Recorded data:

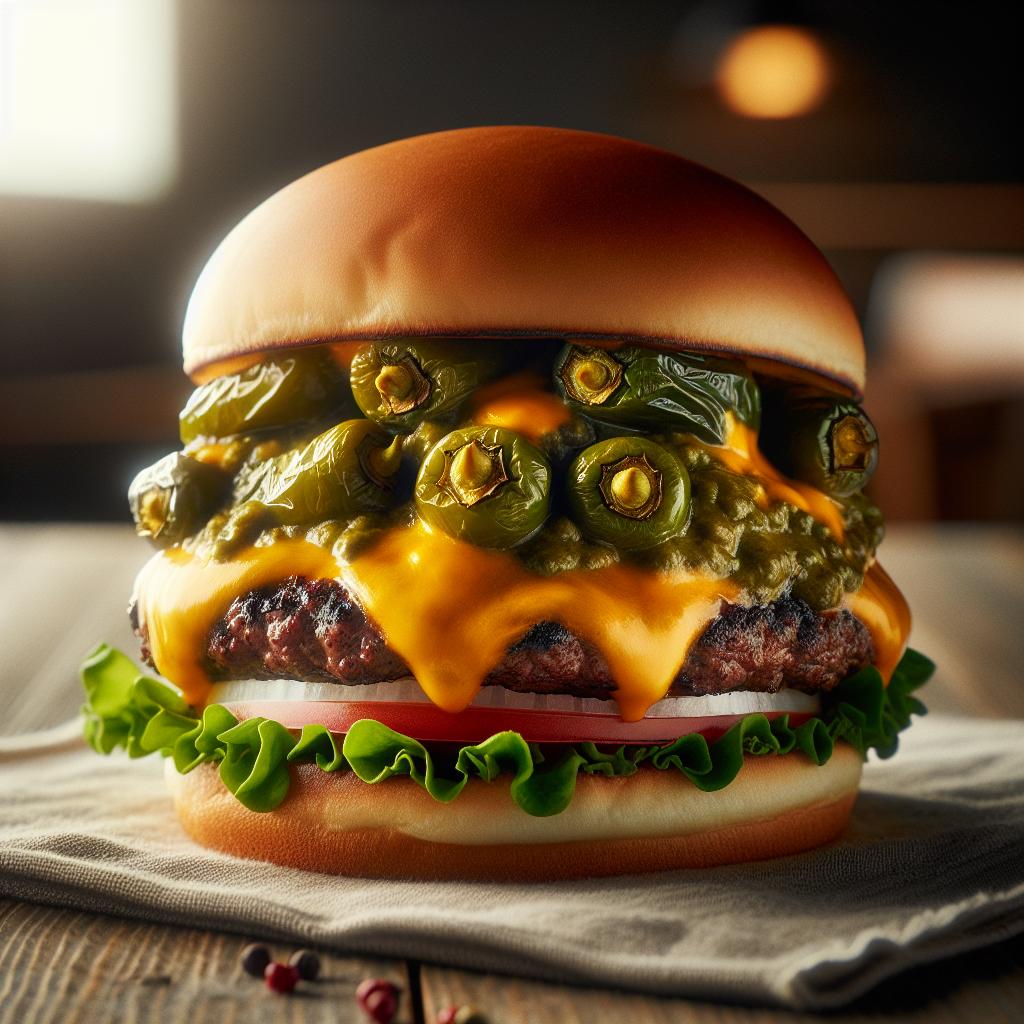 Hatch Green Chile Cheeseburger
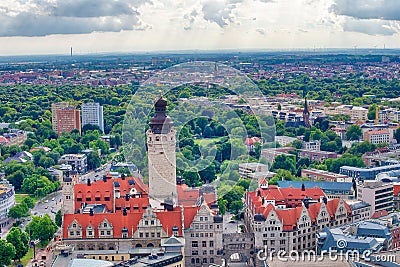 Aerial view of Leipzig, Germany Stock Photo
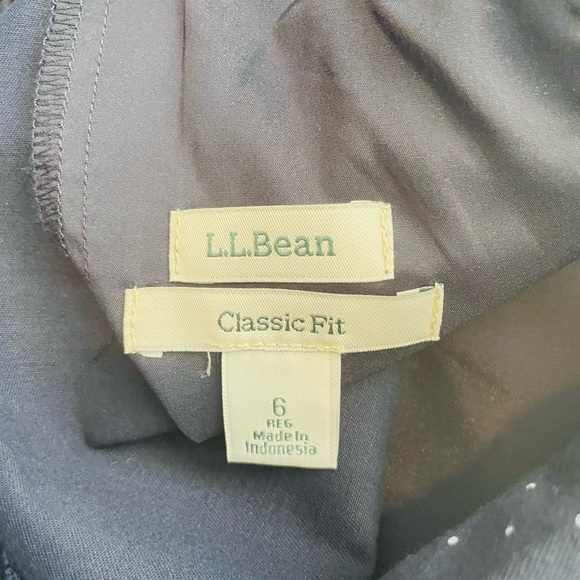 L.L. Bean 6 Classic Fit Navy Blue Polka Dot Stretch Dress Pants - Picture 6 of 10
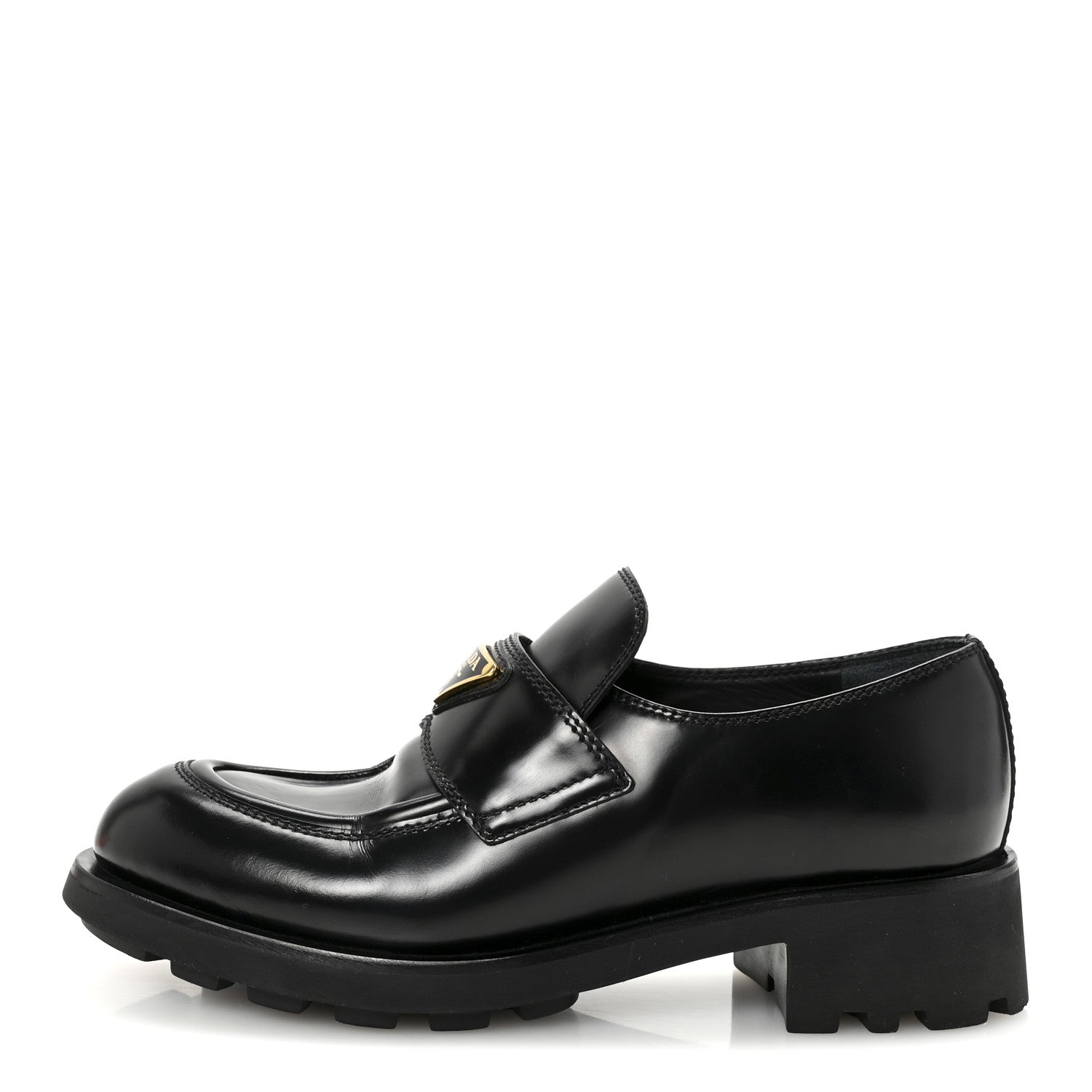 Prada Spazzolato Metal Triangle Logo 50mm Loafers 36.5 Black 1 of 10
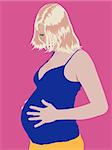 Illustration of the pregnant woman on pink background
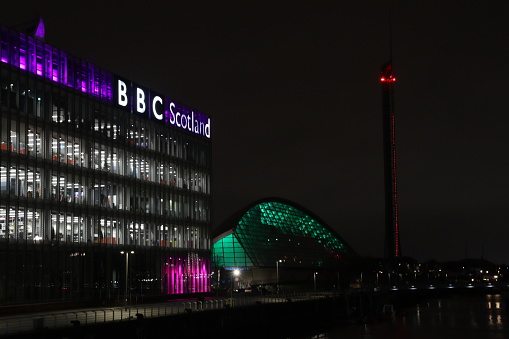 BBC Headquarters, Pacific Quay, Glasgow at night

#### What the exercise asks
The records above are to be transcribed in full, with images omitted.

#### Solution for this problem
 Hatch Green Chile Cheeseburger
 Aerial view of Leipzig, Germany Stock Photo
 L.L. Bean 6 Classic Fit Navy Blue Polka Dot Stretch Dress Pants - Picture 6 of 10
 Prada Spazzolato Metal Triangle Logo 50mm Loafers 36.5 Black 1 of 10
 Illustration of the pregnant woman on pink background
 BBC Headquarters, Pacific Quay, Glasgow at night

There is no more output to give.